Chaperone-mediated biogenesis and activity regulation of protein phosphatase-1

The synthesis of enzymes involves multiple, tightly regulated steps including transcription, translation, post-translational maturation, and the association of co-factors and regulatory subunits. Protein phosphatase-1 (PP1) is a very conserved and essential eukaryotic Ser/Thr phosphatase that functions as the catalytic subunit of at least 200 distinct holoenzymes. However, it is not understood how PP1 acquires its native conformation and catalytic-site metals. Neither is it known how PP1 forms holoenzymes through association with regulatory subunits that determine when and where the phosphatase acts.

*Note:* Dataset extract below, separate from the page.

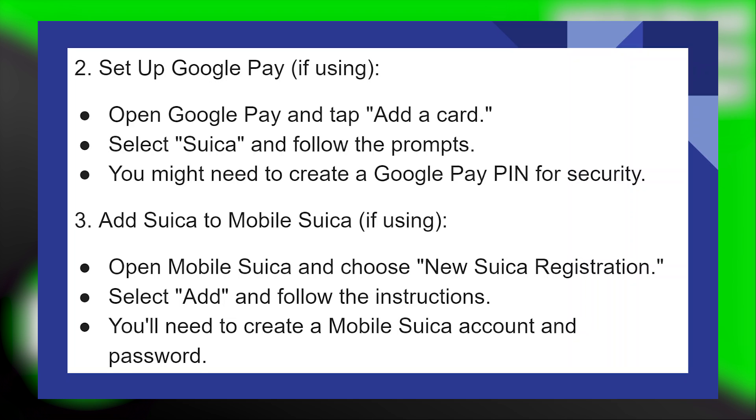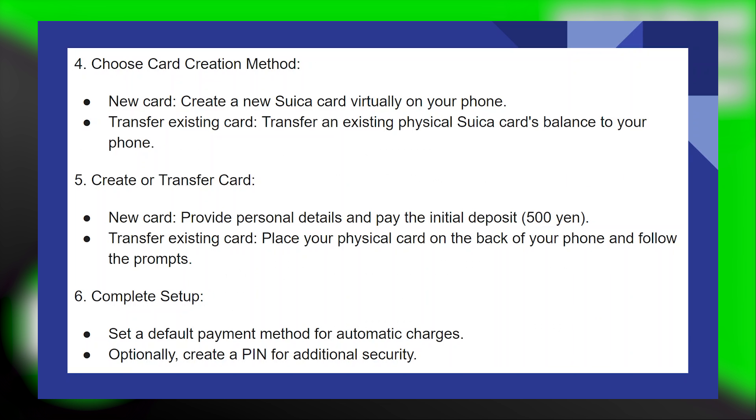Open Mobile Suica and choose 'New Suica registration.' Select 'Add' and follow the instructions. You will need to create a Mobile Suica account and password, then create a new Suica card virtually on your phone.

Here, we propose to explore the role of two ancient PP1-interacting proteins, i.e. Sds22 and Inhibitor-3, as chaperones that guide the biogenesis and degradation of PP1. Specifically modified cell lines will be generated to study the role of Sds22 and Inhibitor-3 in the biogenesis and activity regulation of PP1. Additional regulators of PP1 biogenesis will be identified by trapping of immature forms of PP1 and by a novel technique that enables the tagging of proteins that interact with PP1/Sds22 or PP1/Inhibitor-3. In addition, we will use rabbit reticulocyte lysates to reconstitute the biogenesis of PP1. Collectively, these experiments are expected to generate key insights into the biogenesis and degradation of PP1.